Dans la recherche SETI, rien ne garantit que si vous pointez un télescope sur la partie du ciel qui vous intéresse, vous ne trouverez rien du tout. Nous n'avons aucune idée de ce que nous recherchons, mais seulement des suppositions sur les directions les plus prometteuses, ou sur la manière dont les extraterrestres pourraient essayer de se faire connaître..

Mais il y a une logique derrière nos meilleures suppositions sur la façon de chercher des extraterrestres. Dans un article de 2005, un scientifique de SETI a souligné que si une civilisation extraterrestre avait créé des mégastructures en orbite en étoile, Kepler, le télescope à la recherche de planètes, les verrait. Pour tout objet de la taille de Jupiter ou d'une taille supérieure, Kepler pourrait également indiquer si les objets en orbite étaient circulaires ou non.

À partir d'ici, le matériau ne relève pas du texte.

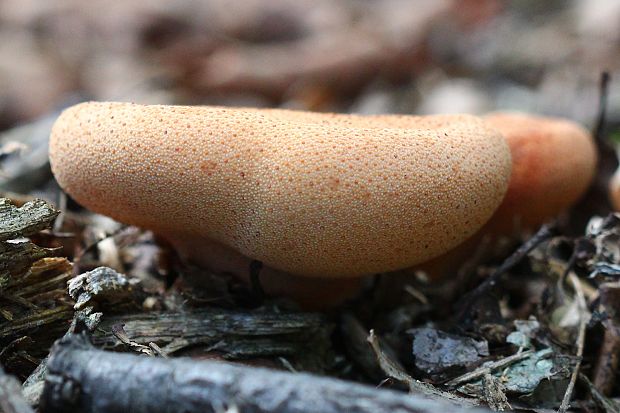 pečeňovec dubový Fistulina hepatica (Schaeff.) With.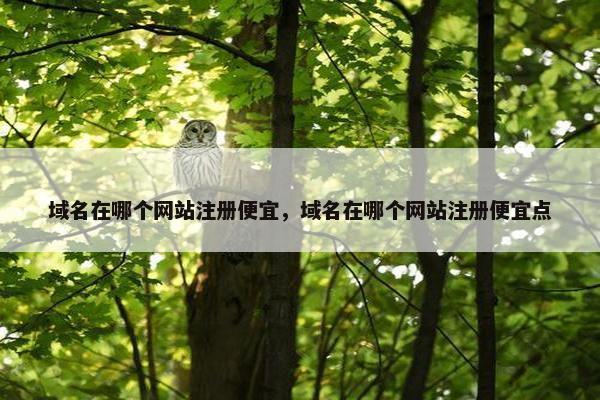 域名在哪个网站注册便宜，域名在哪个网站注册便宜点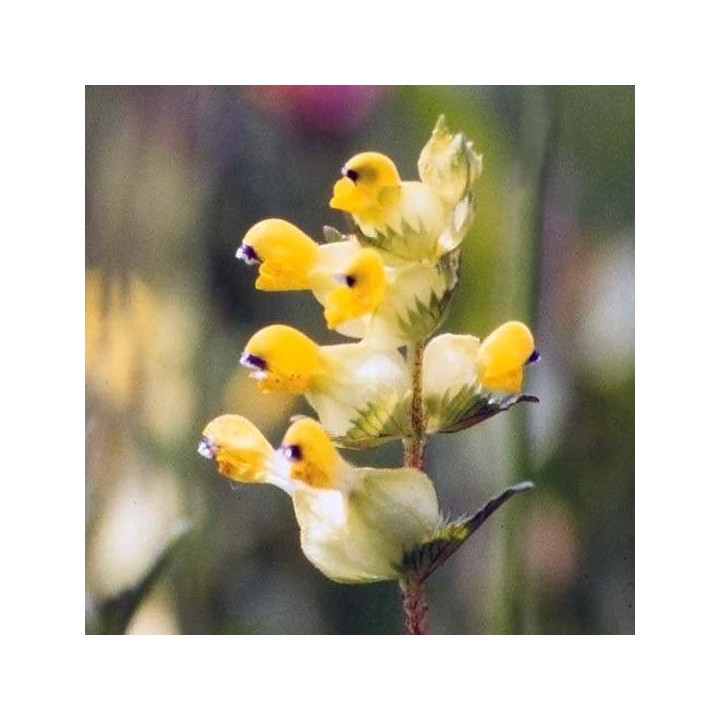 Esencja karmiczna Yellow Rattle, Przygnębienie i rozpacz, 10 ml, Crystal Herbs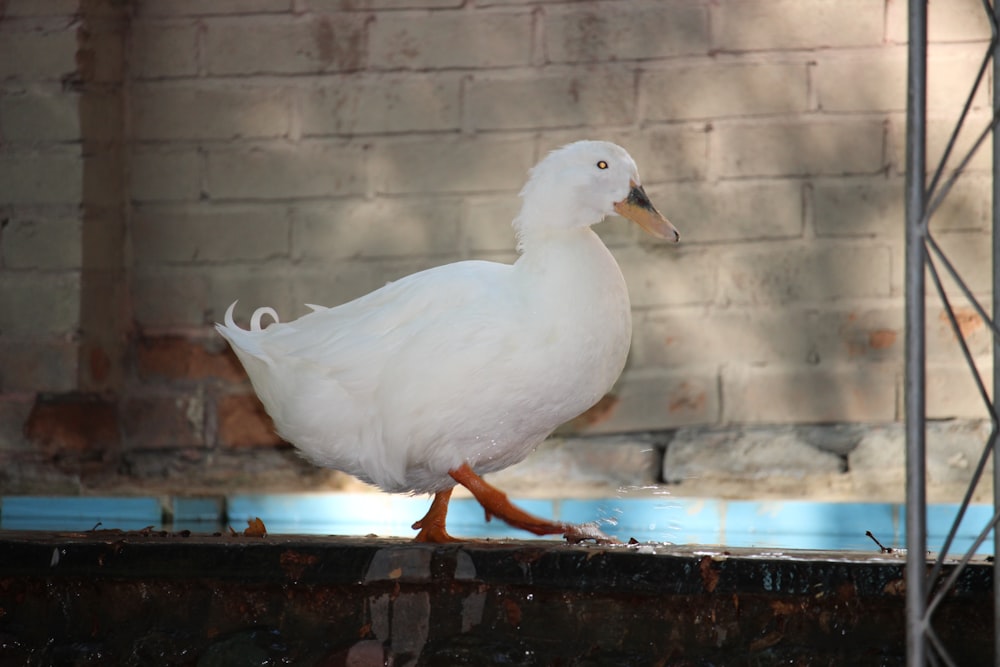a white duck is walking on a ledge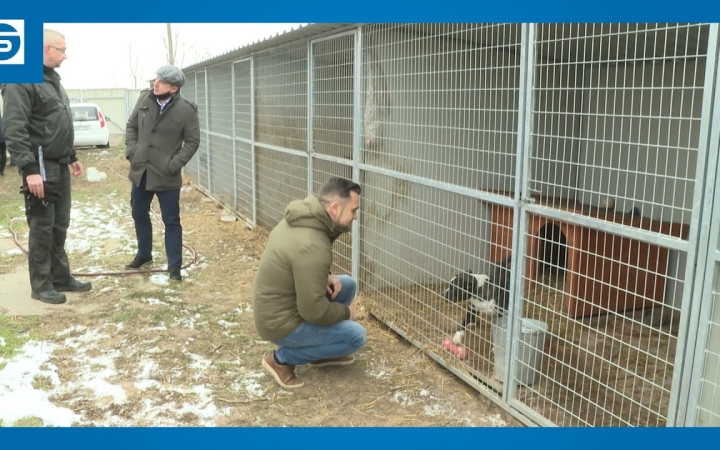 Embedded thumbnail for Polgármesteri vizit az ebrendészeti telepen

Les mégastructures extraterrestres ne seraient probablement pas circulaires (étoiles de la mort exclues), nous devrions donc faire attention si des objets non circulaires apparaissent..

Ils l'ont fait. Jason Wright, astronome à Penn State, a remarqué qu'en fait, Kepler avait trouvé des objets non circulaires en orbite autour d'étoiles, comme prévu. Il y avait une bonne explication à tous ceux qu'il connaissait, cependant, jusqu'à ce que Tabetha Boyajian, astronome à l'Université de Yale, lui parle de l'étrange flux de lumière de l'étoile qu'elle étudie. Ce modèle a été signalé à l'origine par des citoyens scientifiques, mais lorsque Boyajian a commencé à chercher une explication du comportement étrange de la star, elle n'a pas pu en trouver une évidente..

«Les observations ne tombent pas dans une catégorie claire», dit-elle. Elle a commencé à parler à d'autres scientifiques, à tester des idées, jusqu'à ce qu'elle se soit enfin convaincue. "C'est vraiment quelque chose d'unique", dit-elle.

Boyajian avait publié un article sur l'étrange faisceau de lumière de l'étoile et Wright travaillait sur la possibilité d'une mégastructure extraterrestre dans son propre article, quand un journaliste à la atlantique a écrit sur leurs recherches. Tout à coup, des auteurs scientifiques ont annoncé avoir découvert des mégastructures extraterrestres.

Boyajian collecte actuellement des fonds sur Kickstarter pour acheter du temps au télescope afin de pouvoir continuer à observer l'étoile et son étrange flux. L’explication n’est probablement pas celle des mégastructures étrangères, dit-elle. «La nature a beaucoup plus d'imagination que nous. Vous ne voulez pas abandonner la physique », explique Boyajian. "C'est probablement quelque chose de naturel auquel on n'a pas encore pensé."

Tandis qu’ils tentent de retrouver cette source naturelle, ils effectuent une grande partie du travail qu’ils effectuaient pour retrouver une source extraterrestre intelligente. Pour Wright, le mystère de l'étoile et la source de ses fluctuations constituent un casse-tête scientifique fascinant, avec en prime un angle SETI. «Cela ne prend pas beaucoup pour être intéressant du point de vue de SETI», dit-il. "Il n'y a pas beaucoup de pistes."

Celui-ci est très, très peu susceptible de nous conduire à une civilisation extraterrestre. Jusqu'à ce que les scientifiques examinent de nouveau bien cette étoile, il est toujours possible, au sens le plus conservateur du terme, que des extraterrestres soient responsables de son comportement étrange. Mais il y a probablement une autre explication.